Directions for this task>
Look below for the line containing "19214 Grey Forest, Helotes, TX 78023"; write out that line and each one after it to the end, exactly, and nothing else.

Records to process>
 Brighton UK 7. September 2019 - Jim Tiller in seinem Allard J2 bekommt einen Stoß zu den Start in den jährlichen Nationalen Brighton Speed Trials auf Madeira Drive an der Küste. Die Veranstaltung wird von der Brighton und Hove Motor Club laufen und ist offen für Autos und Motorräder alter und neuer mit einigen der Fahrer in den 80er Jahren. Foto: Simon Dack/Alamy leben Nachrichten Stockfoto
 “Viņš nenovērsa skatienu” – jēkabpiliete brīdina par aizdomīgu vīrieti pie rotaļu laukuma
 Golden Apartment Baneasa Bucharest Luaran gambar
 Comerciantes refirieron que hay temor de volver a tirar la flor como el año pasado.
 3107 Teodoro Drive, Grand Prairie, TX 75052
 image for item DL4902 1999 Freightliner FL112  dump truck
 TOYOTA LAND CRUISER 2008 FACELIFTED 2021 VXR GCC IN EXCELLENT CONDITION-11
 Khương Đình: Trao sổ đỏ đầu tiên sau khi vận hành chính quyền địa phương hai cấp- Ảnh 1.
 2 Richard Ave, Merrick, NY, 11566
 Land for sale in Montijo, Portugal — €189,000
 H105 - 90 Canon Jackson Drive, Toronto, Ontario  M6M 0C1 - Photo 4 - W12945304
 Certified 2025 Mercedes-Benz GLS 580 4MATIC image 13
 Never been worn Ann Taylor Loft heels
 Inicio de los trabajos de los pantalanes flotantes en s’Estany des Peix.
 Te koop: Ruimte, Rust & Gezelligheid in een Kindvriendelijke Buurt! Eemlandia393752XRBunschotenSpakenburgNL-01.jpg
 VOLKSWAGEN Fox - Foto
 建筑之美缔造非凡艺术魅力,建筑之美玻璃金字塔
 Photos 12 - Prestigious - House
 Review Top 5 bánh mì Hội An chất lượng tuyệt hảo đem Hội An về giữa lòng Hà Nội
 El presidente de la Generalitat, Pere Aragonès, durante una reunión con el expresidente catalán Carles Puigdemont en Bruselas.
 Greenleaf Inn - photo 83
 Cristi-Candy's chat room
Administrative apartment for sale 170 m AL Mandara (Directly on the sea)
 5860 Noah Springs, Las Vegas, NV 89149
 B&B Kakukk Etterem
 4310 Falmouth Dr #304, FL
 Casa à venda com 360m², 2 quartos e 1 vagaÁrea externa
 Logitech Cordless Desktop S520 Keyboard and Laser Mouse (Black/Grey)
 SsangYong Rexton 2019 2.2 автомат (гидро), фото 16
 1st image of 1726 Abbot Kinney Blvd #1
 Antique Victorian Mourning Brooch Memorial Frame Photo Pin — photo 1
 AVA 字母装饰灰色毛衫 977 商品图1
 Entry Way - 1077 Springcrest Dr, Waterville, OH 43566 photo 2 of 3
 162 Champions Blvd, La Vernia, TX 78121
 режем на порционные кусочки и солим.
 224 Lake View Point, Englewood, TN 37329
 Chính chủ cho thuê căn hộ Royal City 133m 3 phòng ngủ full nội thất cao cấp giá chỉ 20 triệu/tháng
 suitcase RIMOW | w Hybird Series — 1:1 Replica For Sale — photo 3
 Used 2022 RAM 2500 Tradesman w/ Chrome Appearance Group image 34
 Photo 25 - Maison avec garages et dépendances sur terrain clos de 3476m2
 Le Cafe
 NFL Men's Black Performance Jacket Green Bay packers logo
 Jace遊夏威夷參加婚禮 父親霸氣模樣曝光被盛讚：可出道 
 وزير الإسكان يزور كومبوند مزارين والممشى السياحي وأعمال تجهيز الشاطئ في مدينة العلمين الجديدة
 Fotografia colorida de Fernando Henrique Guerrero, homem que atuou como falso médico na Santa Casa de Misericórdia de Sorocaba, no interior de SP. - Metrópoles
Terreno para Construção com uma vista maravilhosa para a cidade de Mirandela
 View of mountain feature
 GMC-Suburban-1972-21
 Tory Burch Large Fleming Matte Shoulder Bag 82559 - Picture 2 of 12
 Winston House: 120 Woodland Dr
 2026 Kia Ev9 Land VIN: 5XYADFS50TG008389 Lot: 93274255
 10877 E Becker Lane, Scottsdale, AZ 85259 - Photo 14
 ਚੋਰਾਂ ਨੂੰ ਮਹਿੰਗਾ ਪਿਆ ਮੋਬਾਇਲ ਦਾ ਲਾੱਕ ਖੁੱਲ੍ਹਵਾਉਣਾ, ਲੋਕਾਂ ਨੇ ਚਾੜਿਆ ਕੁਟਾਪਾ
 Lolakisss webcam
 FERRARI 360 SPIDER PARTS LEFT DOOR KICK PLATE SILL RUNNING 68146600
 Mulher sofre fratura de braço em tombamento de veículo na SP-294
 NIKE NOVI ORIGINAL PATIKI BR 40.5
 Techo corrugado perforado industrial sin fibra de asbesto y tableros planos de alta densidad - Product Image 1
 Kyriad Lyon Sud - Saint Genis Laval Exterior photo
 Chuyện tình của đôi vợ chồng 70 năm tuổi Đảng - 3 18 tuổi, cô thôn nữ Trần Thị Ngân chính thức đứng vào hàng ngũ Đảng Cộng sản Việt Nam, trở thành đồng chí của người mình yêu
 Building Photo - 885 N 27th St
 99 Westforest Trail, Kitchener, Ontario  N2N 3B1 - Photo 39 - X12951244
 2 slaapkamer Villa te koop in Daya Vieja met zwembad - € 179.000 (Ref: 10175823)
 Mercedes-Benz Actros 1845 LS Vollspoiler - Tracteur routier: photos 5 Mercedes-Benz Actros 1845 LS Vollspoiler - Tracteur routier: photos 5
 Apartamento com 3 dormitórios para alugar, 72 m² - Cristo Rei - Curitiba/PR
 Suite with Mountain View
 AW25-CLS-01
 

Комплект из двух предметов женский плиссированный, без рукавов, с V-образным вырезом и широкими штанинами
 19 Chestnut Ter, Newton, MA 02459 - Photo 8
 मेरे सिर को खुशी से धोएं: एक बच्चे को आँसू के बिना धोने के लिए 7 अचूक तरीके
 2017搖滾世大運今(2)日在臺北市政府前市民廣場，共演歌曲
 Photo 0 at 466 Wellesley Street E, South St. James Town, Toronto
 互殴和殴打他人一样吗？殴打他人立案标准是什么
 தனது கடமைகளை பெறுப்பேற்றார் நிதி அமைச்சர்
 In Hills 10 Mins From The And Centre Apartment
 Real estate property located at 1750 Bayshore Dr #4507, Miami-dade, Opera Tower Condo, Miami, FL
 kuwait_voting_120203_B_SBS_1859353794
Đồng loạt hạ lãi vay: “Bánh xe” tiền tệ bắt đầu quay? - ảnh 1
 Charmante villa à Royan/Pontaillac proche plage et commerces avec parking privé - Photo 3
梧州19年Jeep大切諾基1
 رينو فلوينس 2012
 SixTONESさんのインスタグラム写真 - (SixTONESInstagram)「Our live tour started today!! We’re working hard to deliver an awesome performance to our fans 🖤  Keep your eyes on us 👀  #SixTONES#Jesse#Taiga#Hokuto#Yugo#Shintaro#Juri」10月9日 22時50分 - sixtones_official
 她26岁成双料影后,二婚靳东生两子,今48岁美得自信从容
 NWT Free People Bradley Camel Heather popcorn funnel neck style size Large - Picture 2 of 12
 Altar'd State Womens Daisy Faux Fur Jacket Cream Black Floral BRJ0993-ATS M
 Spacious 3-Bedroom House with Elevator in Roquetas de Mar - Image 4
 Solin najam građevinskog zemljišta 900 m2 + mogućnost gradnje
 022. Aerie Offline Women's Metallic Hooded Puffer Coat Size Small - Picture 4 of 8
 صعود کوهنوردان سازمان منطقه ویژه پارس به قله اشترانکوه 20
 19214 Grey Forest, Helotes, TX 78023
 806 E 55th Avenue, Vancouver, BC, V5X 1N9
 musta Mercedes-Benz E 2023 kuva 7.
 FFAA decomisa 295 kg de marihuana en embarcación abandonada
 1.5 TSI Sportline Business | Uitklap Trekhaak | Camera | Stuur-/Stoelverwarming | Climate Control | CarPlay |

Output for this task>
 19214 Grey Forest, Helotes, TX 78023
 806 E 55th Avenue, Vancouver, BC, V5X 1N9
 musta Mercedes-Benz E 2023 kuva 7.
 FFAA decomisa 295 kg de marihuana en embarcación abandonada
 1.5 TSI Sportline Business | Uitklap Trekhaak | Camera | Stuur-/Stoelverwarming | Climate Control | CarPlay |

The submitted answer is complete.